Na volta para casa, adormeceu nos braços da mãe. Uma hora depois, já na cama, ouvimos ela chorar. Em primeiro, minha mulher foi atender, com a continuidade anormal do choro, eu também fui. Ela chorava dormindo e chamava pela babá, demitida por nós há poucas semanas e presente na festa como convidada.

Nas semanas anteriores, está falta não havia sido enunciada. Ela era perceptível por uma grande irritabilidade e insegurança nas rotinas novas da escola. Todos percebíamos que era disto que se tratava, mas agora estava dito. O choro certo para a dor certa. Mas presenciar a dor da separação num filho deixa a gente muito aflito e com vontade de remediar, de fazer a dor passar. Certamente, não se trata da primeira separação ou perda pela qual ela passou, mas esta acontece num momento específico em que a criança ainda é pequena mas já consegue dar uma forma articulada ao que sente. Estamos lá de cara com o “não deixe ela chorar”.

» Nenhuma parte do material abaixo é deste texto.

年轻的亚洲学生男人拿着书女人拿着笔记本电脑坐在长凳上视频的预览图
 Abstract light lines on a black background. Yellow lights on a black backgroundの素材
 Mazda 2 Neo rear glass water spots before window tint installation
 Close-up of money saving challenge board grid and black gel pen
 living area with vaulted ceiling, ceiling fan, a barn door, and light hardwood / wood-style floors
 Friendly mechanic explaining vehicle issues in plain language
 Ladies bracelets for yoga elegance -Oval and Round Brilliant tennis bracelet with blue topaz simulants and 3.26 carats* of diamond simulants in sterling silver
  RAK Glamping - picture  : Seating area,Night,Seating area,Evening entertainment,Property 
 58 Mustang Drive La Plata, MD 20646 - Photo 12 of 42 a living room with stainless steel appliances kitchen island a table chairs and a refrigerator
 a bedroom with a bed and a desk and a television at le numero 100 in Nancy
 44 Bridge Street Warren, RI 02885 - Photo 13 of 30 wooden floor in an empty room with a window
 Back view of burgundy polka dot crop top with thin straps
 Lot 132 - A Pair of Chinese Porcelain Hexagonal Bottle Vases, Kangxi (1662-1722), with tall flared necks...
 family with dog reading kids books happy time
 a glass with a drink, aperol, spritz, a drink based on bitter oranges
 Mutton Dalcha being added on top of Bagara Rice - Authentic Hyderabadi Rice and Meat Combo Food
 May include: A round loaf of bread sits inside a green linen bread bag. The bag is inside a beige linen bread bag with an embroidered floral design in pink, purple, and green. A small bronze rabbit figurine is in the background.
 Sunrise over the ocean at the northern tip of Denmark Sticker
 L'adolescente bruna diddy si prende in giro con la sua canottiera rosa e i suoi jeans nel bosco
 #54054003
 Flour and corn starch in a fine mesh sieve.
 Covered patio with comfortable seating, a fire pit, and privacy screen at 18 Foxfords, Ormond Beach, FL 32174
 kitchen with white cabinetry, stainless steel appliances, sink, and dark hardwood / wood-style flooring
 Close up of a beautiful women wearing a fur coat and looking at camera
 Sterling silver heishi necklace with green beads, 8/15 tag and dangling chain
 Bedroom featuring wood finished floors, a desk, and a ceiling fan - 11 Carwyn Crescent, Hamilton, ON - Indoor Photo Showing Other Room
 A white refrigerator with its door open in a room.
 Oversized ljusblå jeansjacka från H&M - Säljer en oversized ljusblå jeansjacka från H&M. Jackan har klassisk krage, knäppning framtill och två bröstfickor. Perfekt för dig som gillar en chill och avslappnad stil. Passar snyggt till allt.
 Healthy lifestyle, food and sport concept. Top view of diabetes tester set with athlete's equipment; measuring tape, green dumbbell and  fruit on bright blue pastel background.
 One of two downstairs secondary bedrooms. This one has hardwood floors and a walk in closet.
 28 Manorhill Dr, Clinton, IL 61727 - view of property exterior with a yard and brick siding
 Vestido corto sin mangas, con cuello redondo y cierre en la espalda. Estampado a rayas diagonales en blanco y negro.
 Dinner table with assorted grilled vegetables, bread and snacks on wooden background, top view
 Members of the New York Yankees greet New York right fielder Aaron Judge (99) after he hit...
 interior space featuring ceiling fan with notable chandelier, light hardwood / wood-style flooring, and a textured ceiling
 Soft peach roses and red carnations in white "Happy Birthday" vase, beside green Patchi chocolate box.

O que fazer então? Reverter a decisão e recontratar a babá naquela hora mesma (pelas duas da matina) e pedir para ela vir correndo? Água de côco (aquele golpe baixo ao qual recorremos para dar algo docinho para a criança e fazê-la parar de chorar, pelo simples fato de que a boca estará ocupada)? Colo de um, colo do outro?

Fizemos, por fim, o que sinceramente podíamos. Ficamos ao lado dela. Minha mulher deitada com ela, espremidas na cama. Eu no chão, ao lado. E paramos de brigar com o fato e deixamos ela chorar, com duas constatações: uma, os pais não podem evitar muitas das dores dos filhos, aliás, são eles que infligem boa parte delas; outra, eles precisam reassegurar à criança que ela possa chorar sem que se aflijam e se desorganizem. Se for o caso, a gente chora também, mas não desmancha. “Tamo junto”.

Definitivamente, não temos como atender plenamente às demandas dos outros (ou eles às nossas), por mais que nos sintamos convocados a isto. Mas, se não conseguimos satisfazer ao outro, podemos ao menos lhe prestar companhia e empatia. E, na medida em que nossa própria angústia permita, não piorar a situação de sofrimento inicial, acrescentando a ela o desdobramento de dívidas e culpas de um com relação ao outro.

Naquele estado sonolento em que encontrava, fiquei divagando, doído com a dor de minha filha, lembrando também das formas diferentes que a experiência de separação tomou e toma para minha filha mais velha.

Passado algum tempo, minha mulher começou a cantar a melodia que inventou para ninar a filha, antes mesmo de ela ter uma babá. Música, é claro! Bem bonito e na voz da mãe. Em alguns minutos, ela dormiu; e então foi minha vez.